Detail of Pablo Picasso, Hombre sentado (1917) showing deep cracks
Photo by Gasull Fotografia

International researchers have discovered why one of four closely related paintings by Pablo Picasso has deteriorated more quickly than the others.

The multidisciplinary project—one of the first of its kind to combine studies of chemical properties with observations of mechanical damage—marks a leap forward in conservators’ efforts to prevent degradation through environmental control, the researchers claim.

The study centred on four paintings inspired by the Ballets Russes, the Russian impresario Sergei Diaghilev’s itinerant dance troupe, which Picasso produced in no more than a few months while working at a friend’s studio in Barcelona in 1917. During the period, the artist used new mercerised cotton canvases and bought materials—including oil paints based on drying oils such as linseed and sunflower, as well as animal glue with which he coated the canvases—from a limited number of suppliers.

Stored in Picasso’s family home until 1970 and donated to the Museu Picasso in Barcelona thereafter, the works have been exposed to identical environmental conditions.
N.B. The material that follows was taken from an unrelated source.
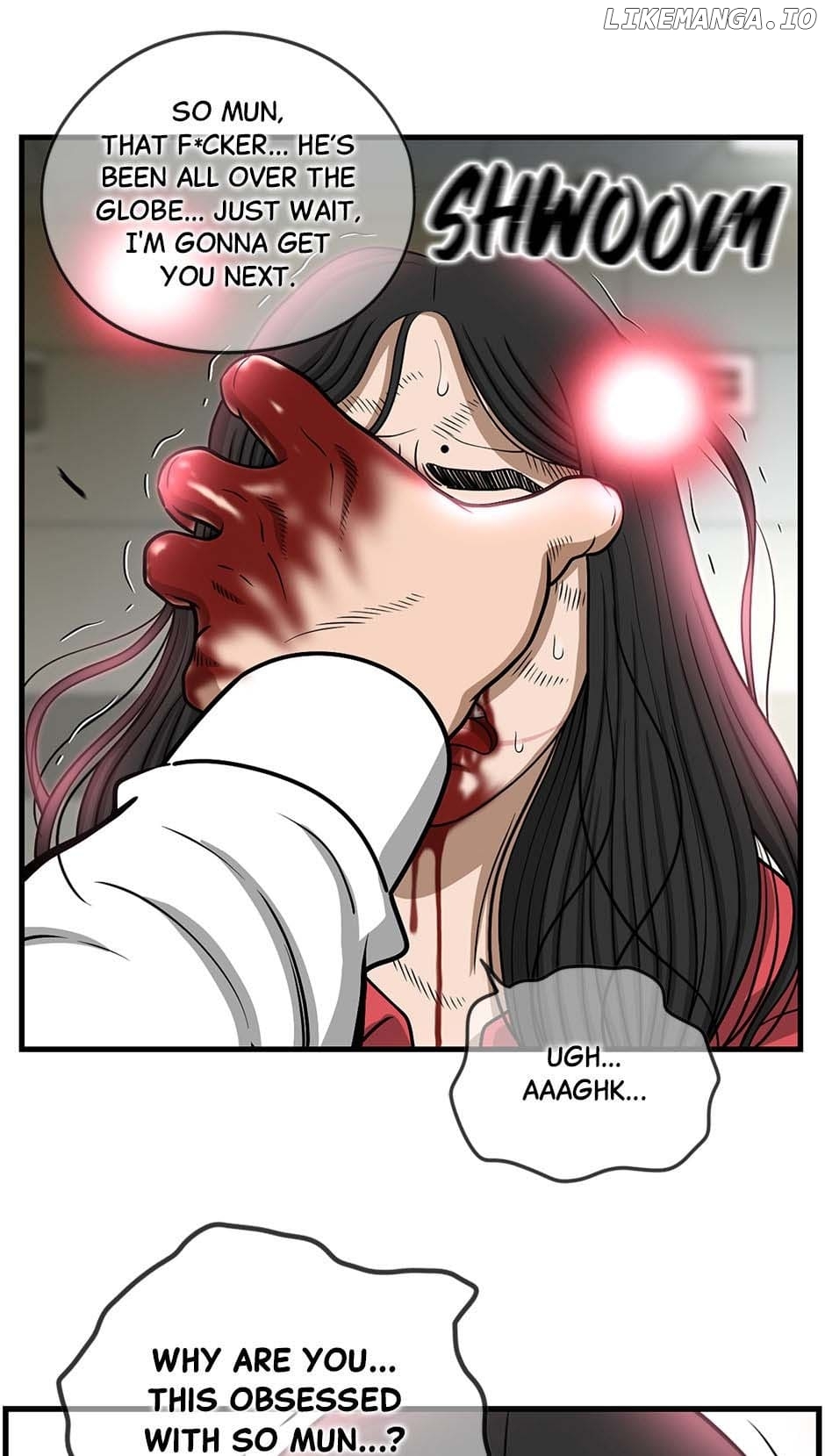 The Uncanny Counter Chapter 177 - page 37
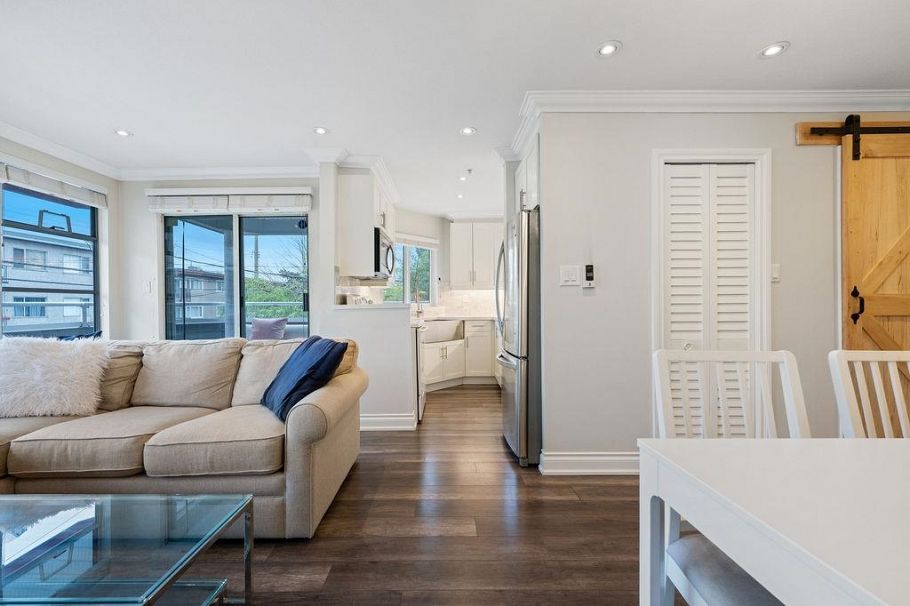 203 2287 W 3rd Avenue Vancouver, BC - 4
Staff therefore questioned why one of the works, Hombre sentado (Seated man), has deteriorated more severely than the other three paintings.


Pablo Picasso, Hombre sentado (1917)
Photo by Gasull Fotografia

“[Hombre sentado] shows signs of extreme cracking all over the painted surface,” Laura Fuster-López, professor of conservation at the Universitat Politècnica de València, tells The Art Newspaper. “It is like looking at a river bed once the water has dried up, with cracks and creases visible on the surface.”

To solve the mystery, the museum launched “ProMeSa”, a three-year research project funded by the Spanish Ministry of Science and Innovation which began in 2017. Fuster-López, the project’s coordinator, was joined by a conservation and heritage scientist from Venice’s Ca’ Foscari University, material scientists from Queen’s University in Canada, experts in mechanical damage from The Royal Danish Academy of Fine Arts and specialists in non-invasive techniques from the CNR Institute of Applied Physics in Florence.

Similarities between the works’ composition and age, and the fact they have never been separated, meant researchers could isolate variables to accurately determine which materials have caused degradation, Fuster-López says. The team used both chemical analysis and non-invasive techniques—including x-ray fluorescence, infrared and reflectography—to study various strata, from surface paint films down to the canvas ground layer.

Picasso used a canvas with a tighter weave for Hombre sentado, coating it with a thicker ground layer of animal glue, researchers found. Both factors meant larger internal stresses formed when the paintings were exposed to fluctuating humidity, while chemical reactions between certain pigments and binding media sparked chemical reactions that caused paints to degrade. As a result, the paints gradually cracked when stresses built, Francesca Izzo, a conservation and heritage scientist at Ca’ Foscari, tells The Art Newspaper.

In the past, conservators have relied mainly on chemical analysis to determine how some materials lead to deterioration. Combining such studies with those of more tangible signs of mechanical damage offers a more rounded picture, allowing conservators to take more informed conservation decisions. “As a conservator-restorer I was finding it difficult to define a conservation strategy: the chemical perspective was not enough, so I started looking for a complementary perspective,” Fuster-López says. The team’s discoveries, she hopes, will aid other conservators. “It is our responsibility to supply them with the right tools and understanding of materials.”

The study’s findings were published in SN Applied Sciences at the start of this year.